It’s hard to attend a major research university and not agree with the proposition that innovation is good. It’s at the heart of what we strive for.
To that end, three innovation-focused groups have put together a bold document outlining the way forward in fostering innovation at UNC.
The Innovation Roadmap, produced jointly by the Innovation Circle, the Faculty Innovation Working Group, and the Chancellor’s Student Innovation Team, is 46 pages outlining a plan for innovation that is as large as it is broad.
In many ways, it’s the quintessential bureaucratic document. It’s full of bold terms and a call to action. It seeks to “leverage history” to develop innovators, “launching” them, “armed with technical knowledge.” It’s clear that we have declared war on stagnation. If you thought innovation was an organic process, think again. Big goals call for big plans.
Also notable is the price tag: $125 million. Some goes to bringing innovators and endowing professorships. Some goes to involving students and creating a campus “Student Innovation Hub,” a collaborative space that also serves “as a common space to celebrate our campus-wide innovation culture.” It might be hyperbole, but sounds interesting.
In its own way, the document is also declaring war on the classic liberal education. It suggests knowledge should be grounded in the liberal arts, but it seems more a gesture. It exposes an eternal tension at research universities.

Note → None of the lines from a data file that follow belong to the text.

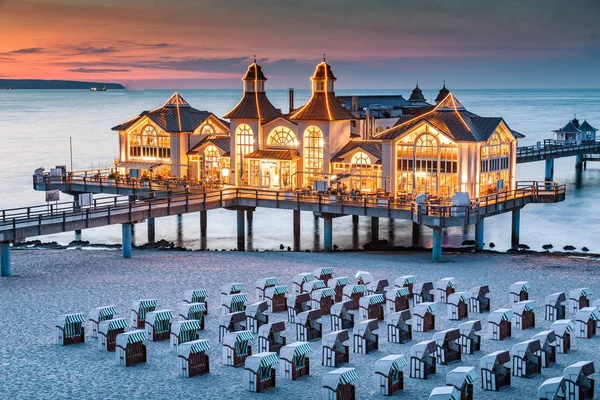 Sellin Pier at twilight, Baltic Sea, Germany — Stock Photo, Image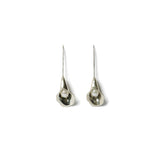 Calla Lilly Drop Earrings Sterling Silver, White Pearl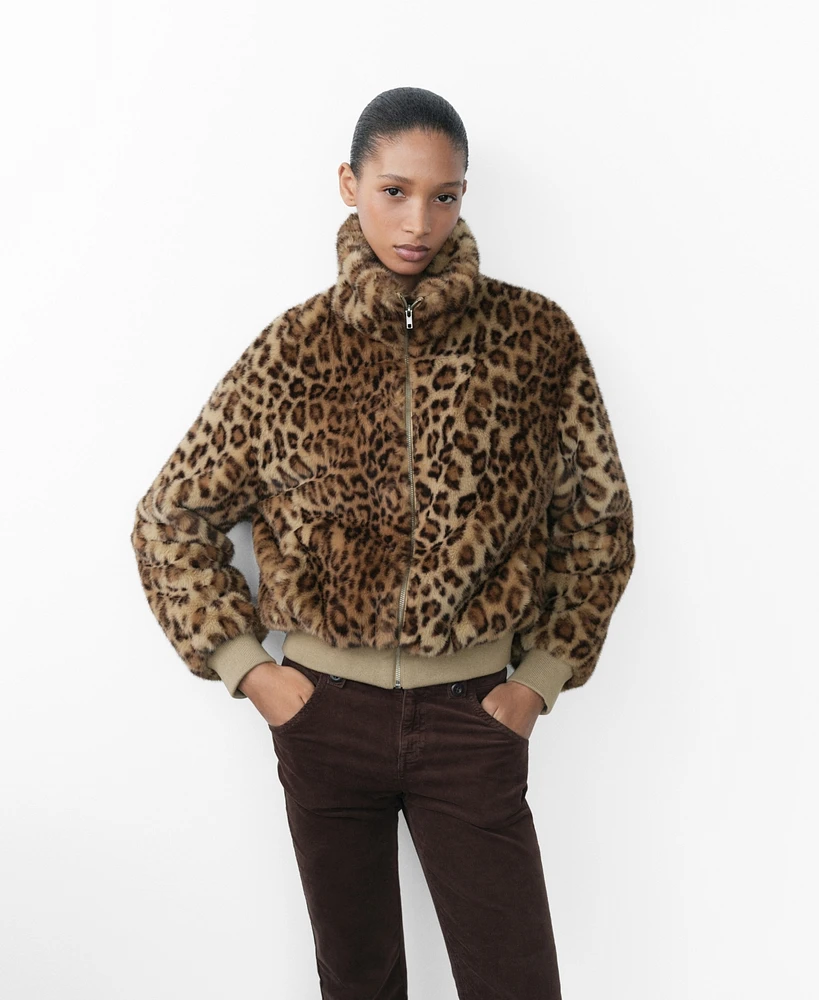 Mango Women's Leopard Fur-Effect Jacket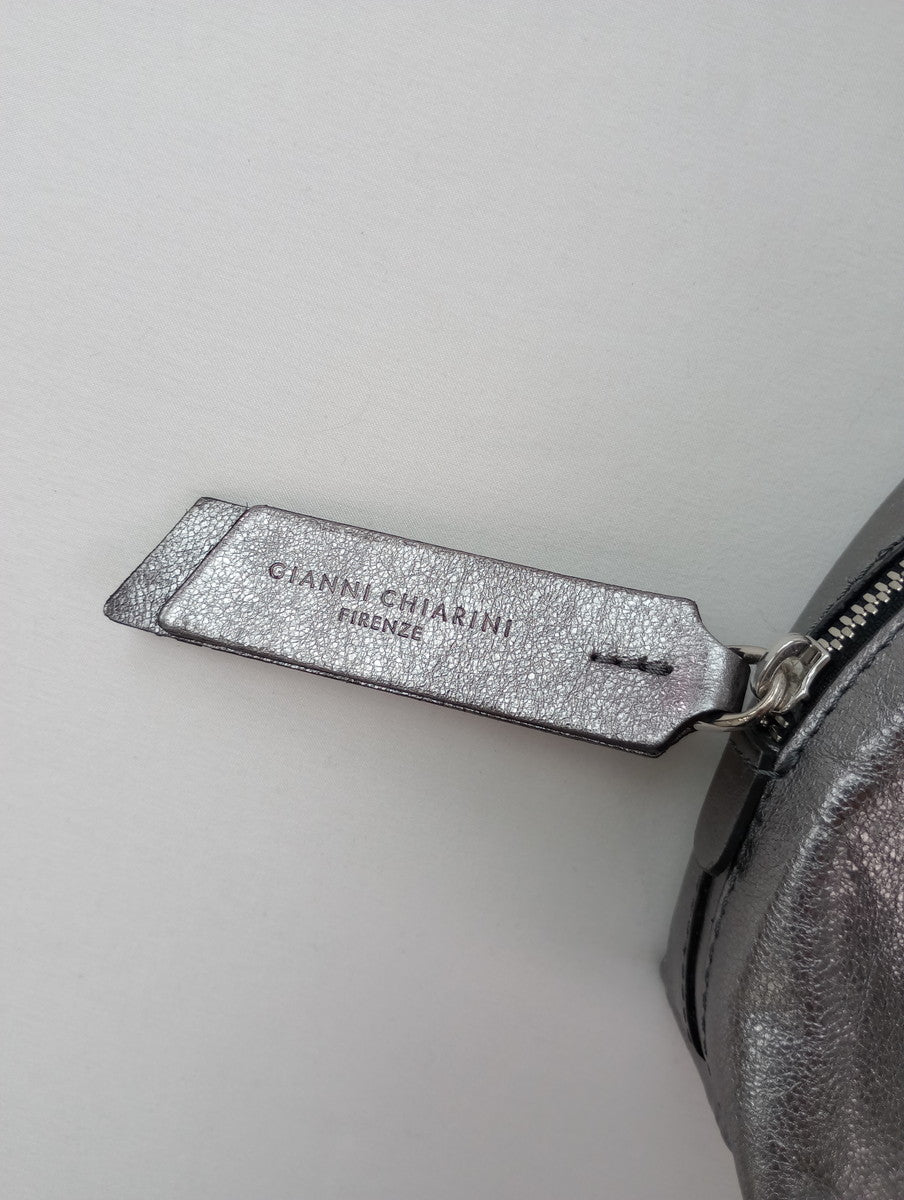 GIANNI CHIARINI ジャンニキアリーニ レザー ショルダーバッグ シルバー 【中古】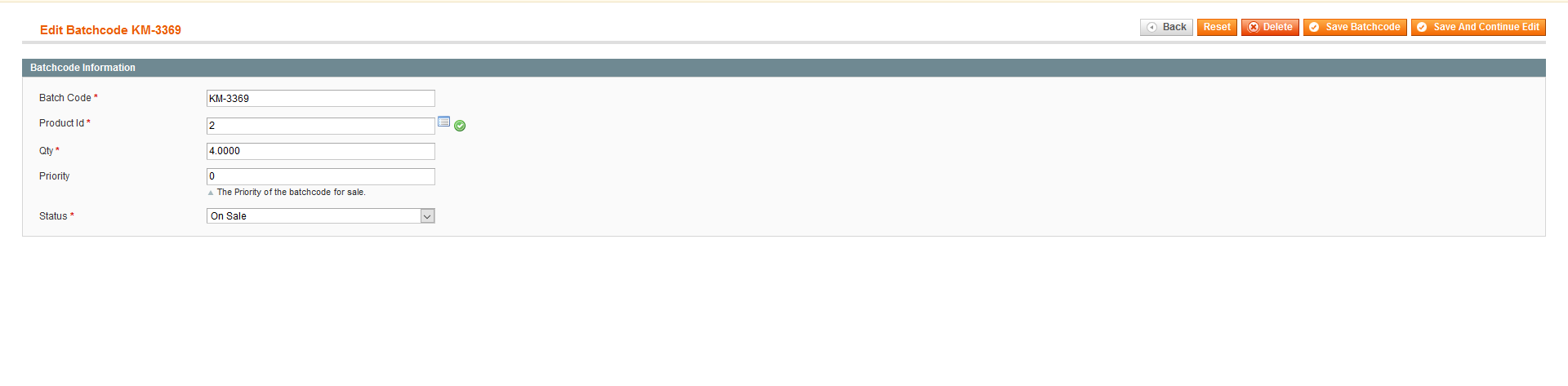 Edit Batchcode Batchcode Magento Admin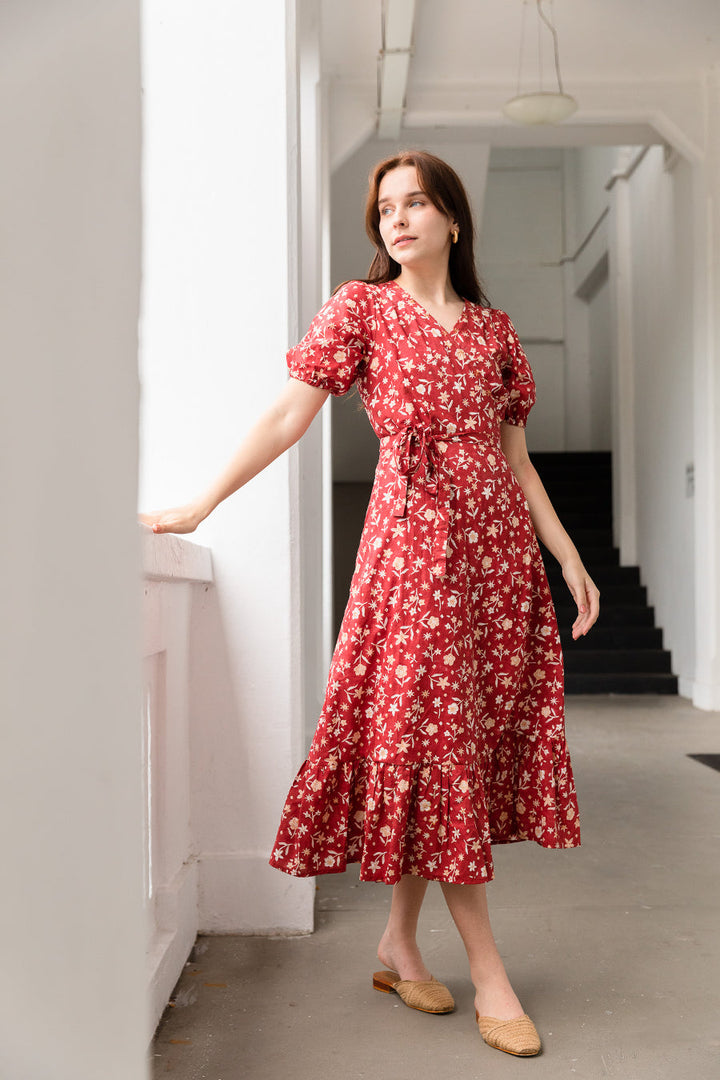 Vera Wrap Dress in Red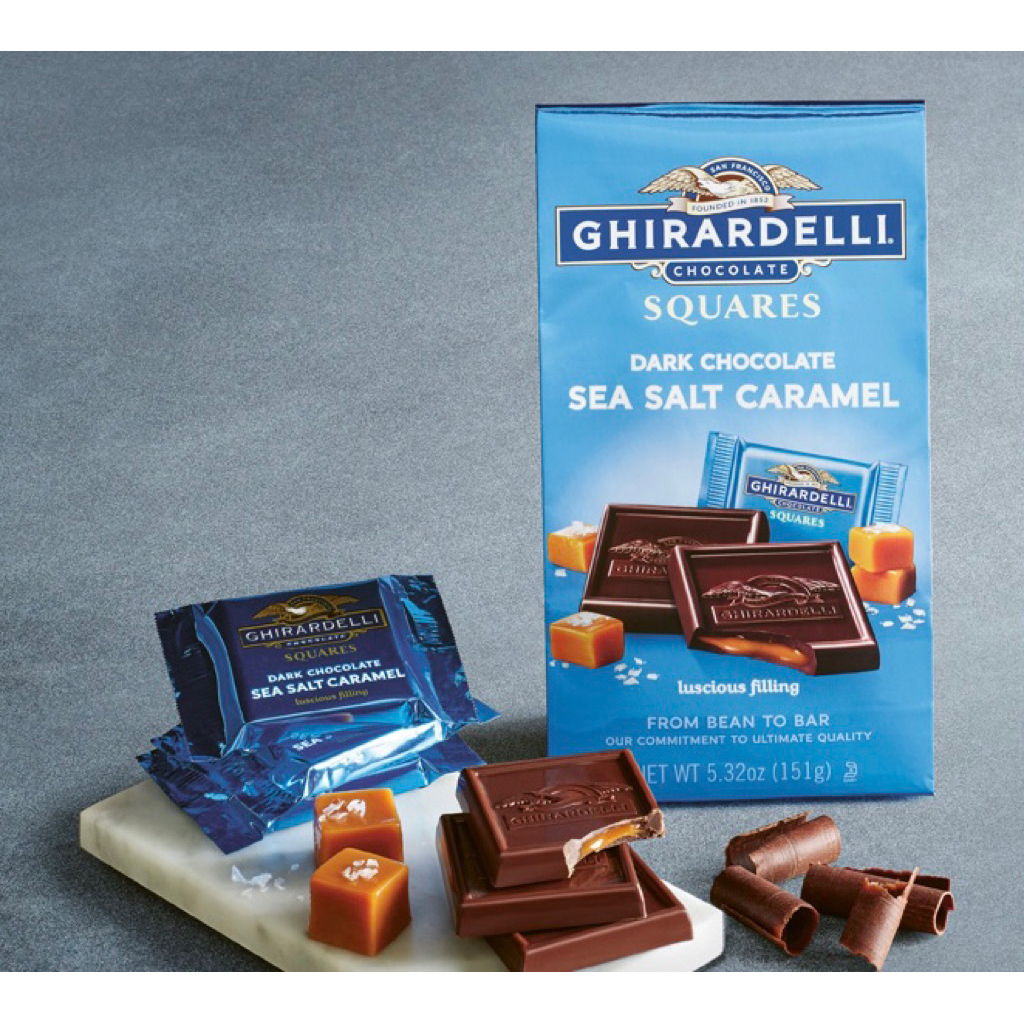 🍫🖤💙💜 SOCOLA ĐEN ĐẮNG NHÂN CARAMEL CHẢY CAO CẤP CỦA MỸ GHIRARDELLI SQUARES DARK CHOCOLATE SEA SALT CA
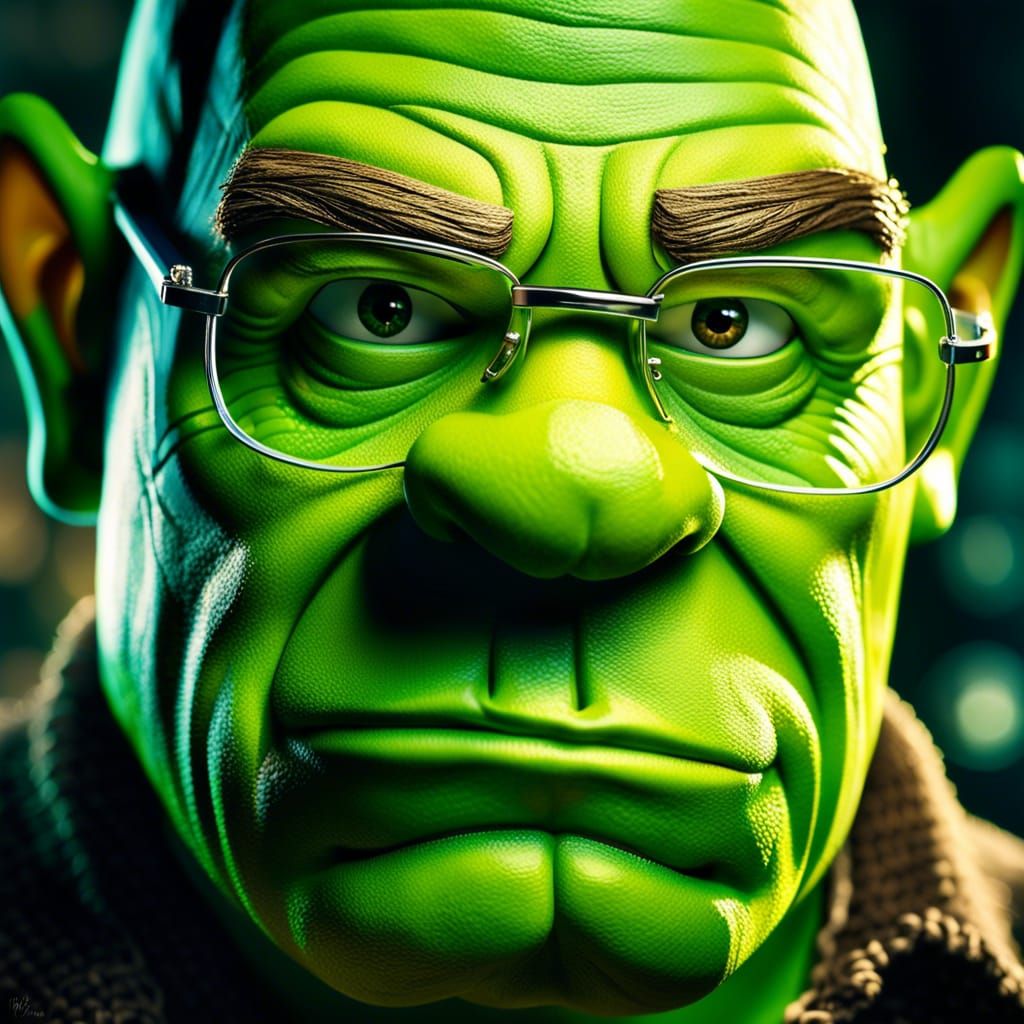 Hyperrealistic Shrek as Walter White Portrait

This document wants entrepreneurship.
Goals include closer ties to Research Triangle Park and venture capital. It emphasizes applied, not theoretical, sciences (Joseph DeSimone, UNC’s leader in the applied sciences and last year’s Tar Heel of the Year, comes to mind). It seeks more research dollars from industry. And, it seeks to inculcate this ethos in students: including a question on innovation in admissions applications, and emphasizing innovation in campus tours.
To accept the roadmap is to accept the primacy of innovation to UNC’s success. But it’s a hard thing not to accept. The document’s Case for Support commands, “We must be bold, again.” After reading the Innovation Roadmap, if you weren’t feeling bold already, you certainly will.